[Data to use — start]

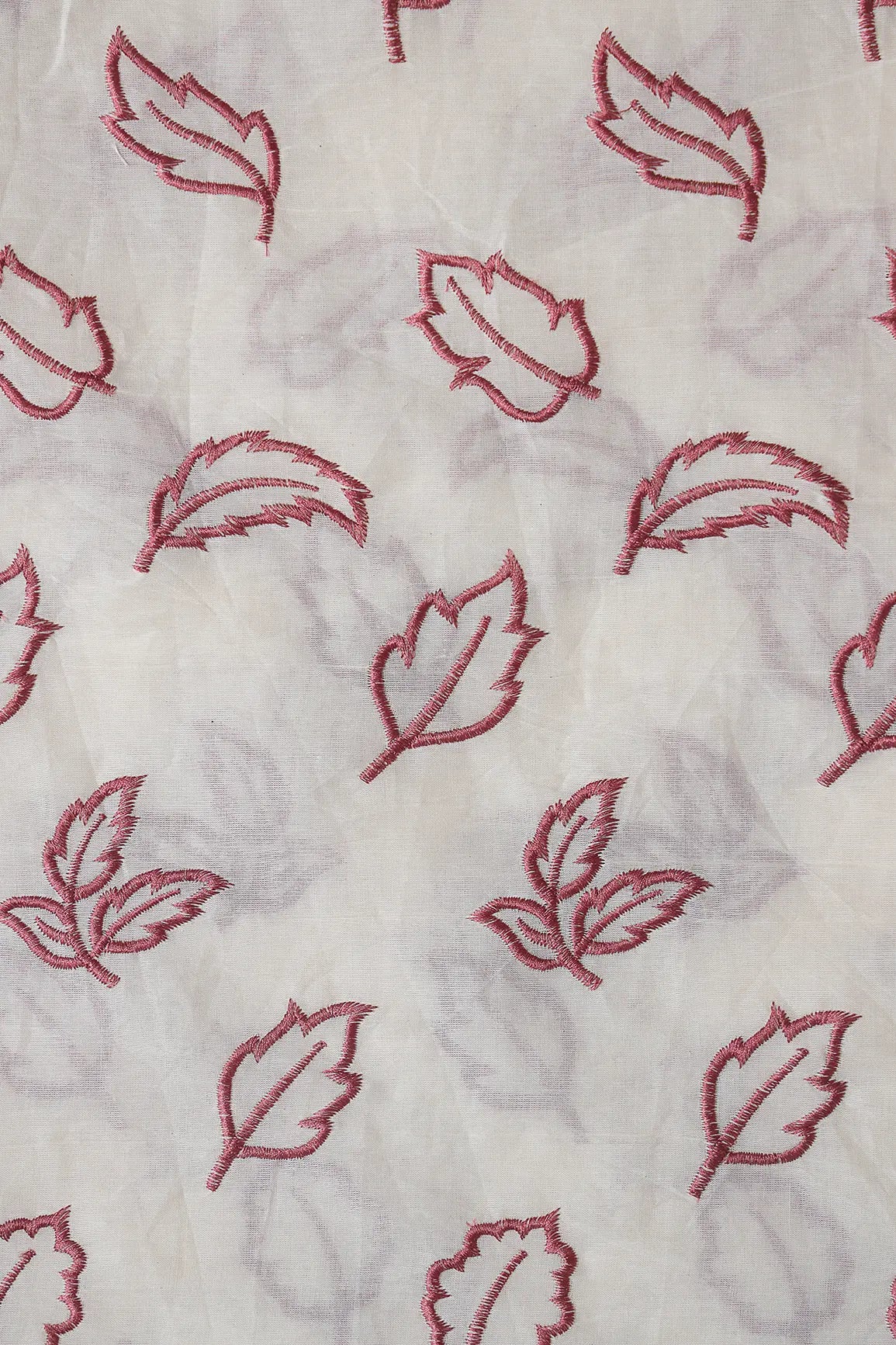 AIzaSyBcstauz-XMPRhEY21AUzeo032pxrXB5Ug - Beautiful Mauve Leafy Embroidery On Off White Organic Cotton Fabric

[Data to use — finish]
[Data to use — start]

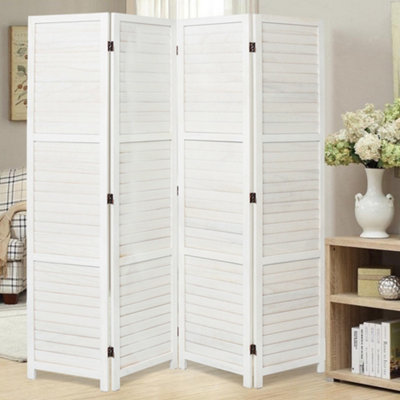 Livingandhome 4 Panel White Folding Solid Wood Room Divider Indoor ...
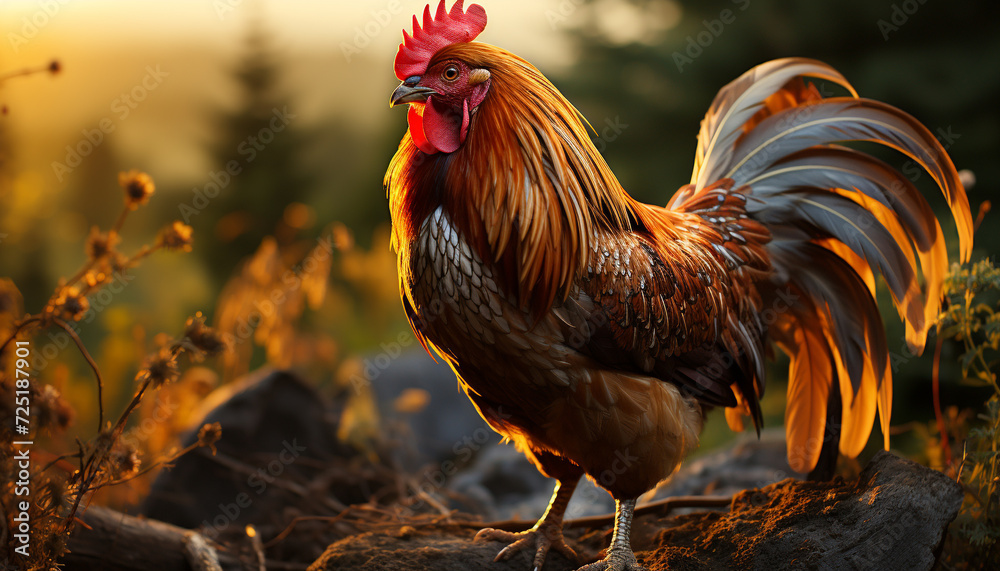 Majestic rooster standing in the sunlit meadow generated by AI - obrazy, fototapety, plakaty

[Data to use — finish]

### Work instruction
Every line above in the stretch from the one with "Livingandhome 4 Panel" through the one with "Majestic rooster standing" is to be transcribed exactly, ends included. No picture is copied.

### Written reply
 Livingandhome 4 Panel White Folding Solid Wood Room Divider Indoor ...
 Majestic rooster standing in the sunlit meadow generated by AI - obrazy, fototapety, plakaty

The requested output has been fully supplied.